How true that is. It is so easy to settle into a habitual and narrowly defined relationship with God. Habits grow out of a desire for some predictability and stability, like the morning routine I follow to get ready for each day. While a morning routine cannot hurt you with its automatic patterns, habitual ways to approaching and thinking about God eventually will shut God out.
The routines or habits, done without thought, get in the way of seeing or responding to what has changed around us. Those accustomed ways of thinking about God become sinful, when sin is understood as a willful separation or turning away from God, because there is no attention focused on how God may be present or available in the moment.
Continuing reading, “Trusting God beyond the God we have understood or known up to now can feel very uncomfortable.” Learning to trust God is much more complicated than human relationships. It is easy to lose the sense of ongoing connection with God. There are times of doubt, times of wondering if God is even there or a self-delusion. Praying can feel like leaving messages on an answering machine. The words are said and the feelings expressed, but we are often left wondering if God is screening the calls, not picking up the phone.

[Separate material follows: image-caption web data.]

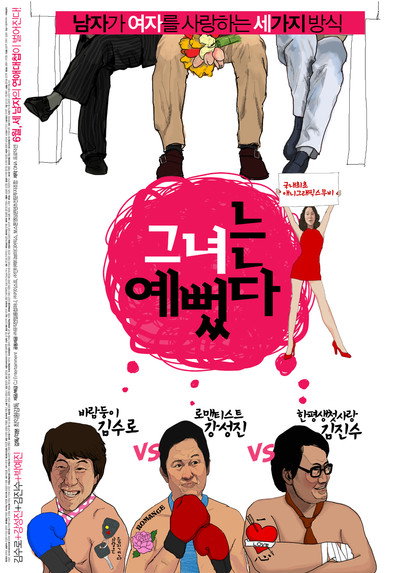 Póster de Life Is Cool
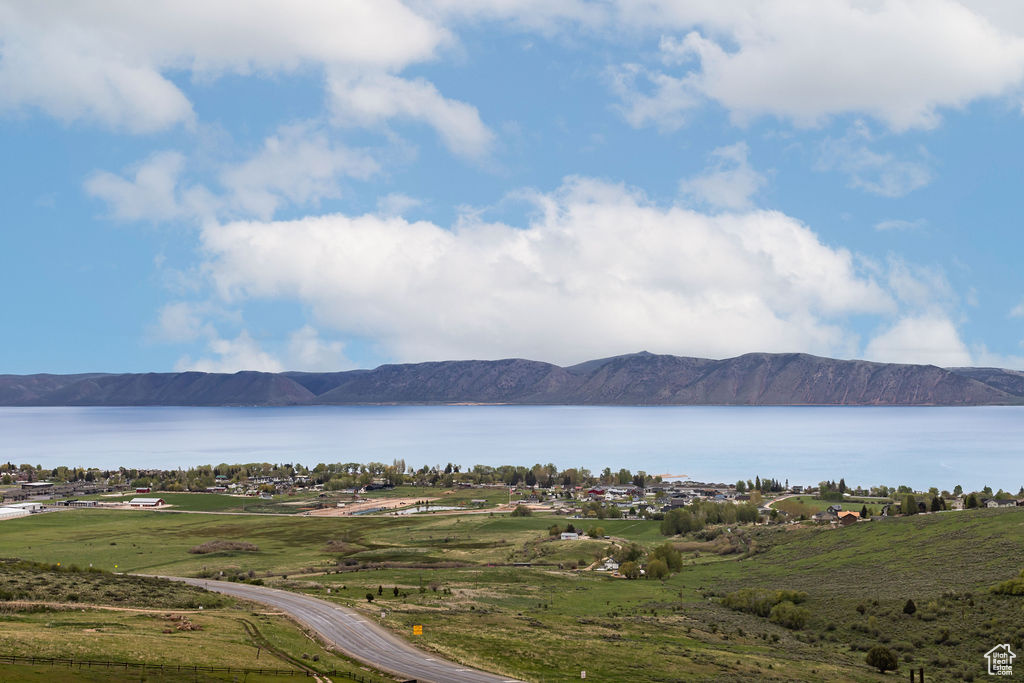 SHUNDAHAI SUB - Land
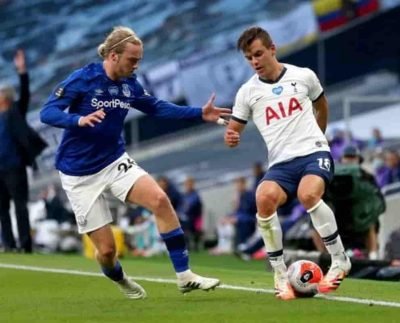 Tottenham Hotspur vs Everton Live Streaming, Live Score, TOT vs EVE Dream11 Team Prediction, Lineups, EPL Kick-off Time: English Premier League 2021-22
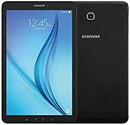 GALAXY TAB E 8.0 32GB US CELLULAR SM-T377R4 - METALLIC BLACK Like New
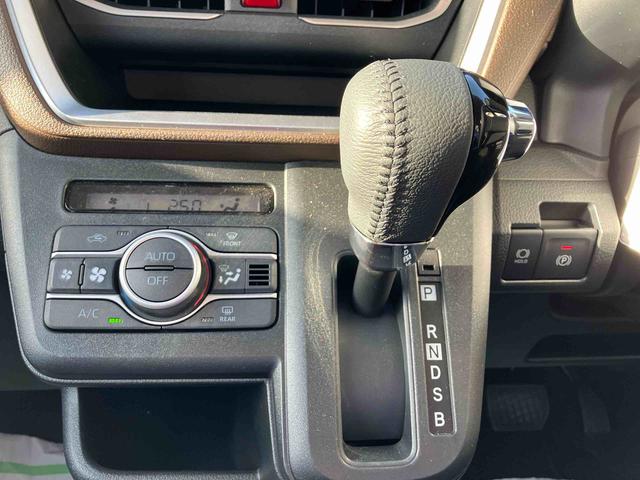 ムーヴRSターボ 2WD スマートアシスト CVT 全車速追従機能付ACC 電動パーキングブレーキ オートホールド機能 プッシュボタンスタート バックカメラ 衝突警報機能 コーナーセンサー(福島県)の中古車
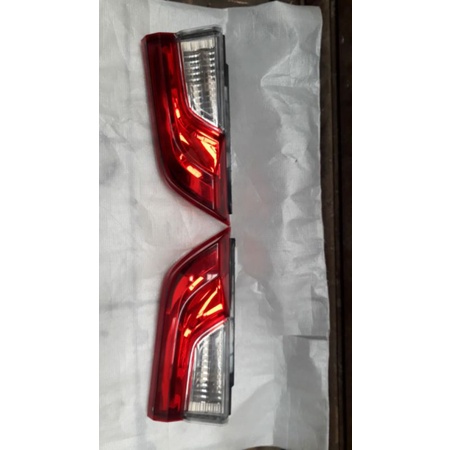 Lampu bagasi/reflektor all New Ertiga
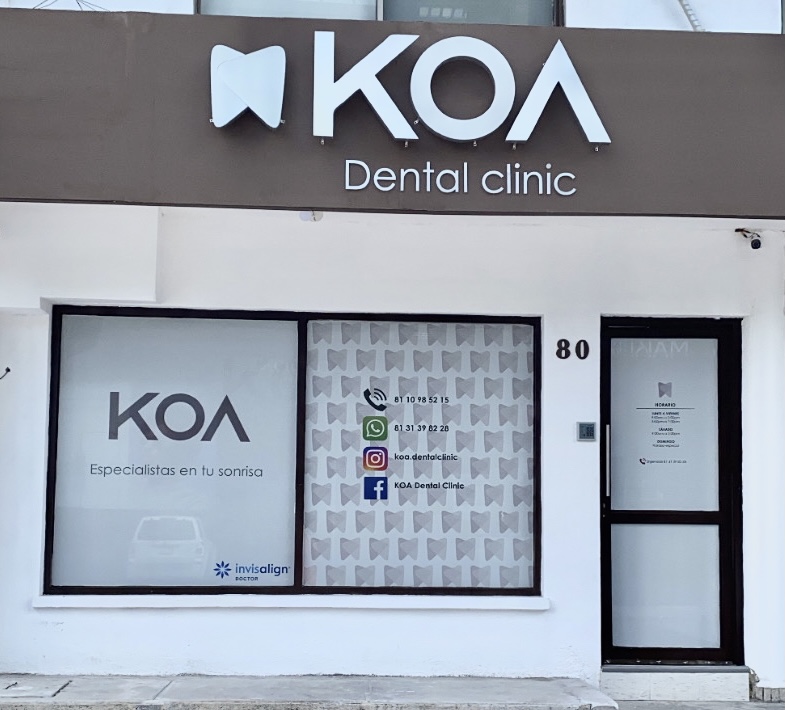 KOA Dental clinic — foto 2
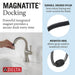 597-SSPD-DST Bathroom/Bathroom Sink Faucets/Single Hole Sink Faucets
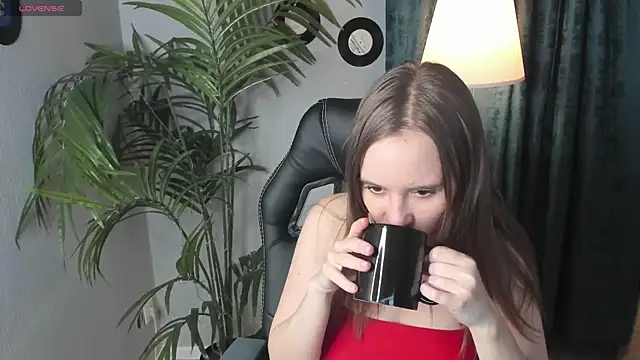 Lika 0ne online show from 03/14/25, 12:18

Listening to directees, I hear a common experience of waiting without knowing, wanting some sense of connection and often finding none. Those times of not knowing undermine a sense of trust, especially during times of fear and emergency when the need to trust in God’s concern and support are the highest.
Over and over again we need to be alert to how God may be reaching out to us, in a new way, and learn to trust that God is there even when we do not perceive it. As I have re-read old journals, I have been able to see God’s action in my life in retrospect, even though I could not see during those periods of my life. Sometimes the ways God reaches out to us is so outside our understanding that God seems absent and invisible. It is only after the old understanding is broken apart that the new understanding can be found.
Bakke then points to the hardest part for me to swallow, “we are called to depend more on God than we do on ourselves – a very unlikely possibility unless we are aided by grace.” Or, in other words, only through acknowledging and accepting the grace that God extends to us will we be able to depend upon God. I struggle with this because it has a circular logic, or begs the question. In order to depend upon God, I need to be aided by grace which comes from God, and if I don’t recognize or accept the grace, then I cannot depend upon God.
I am quickly getting to the edge of what I learned about logical fallacies in college some (let’s leave the number out) years ago. I know that from a logical perspective, Bakke’s statement is false, but that doesn’t make it false as a faith statement. Since I claim to have experienced God in some small way, can I let go of my aversion to the circular argument, rather than getting caught in the intellectual barbed wire?
This is the leap of faith, moving far beyond my comfort zone at this time. I will leave it there for now, but it will still be nagging at me.
*Holy Invitations: Exploring Spiritual Direction by Jeannette A. Bakke. Baker Books, Grand Rapids, MI, 2000. page 63.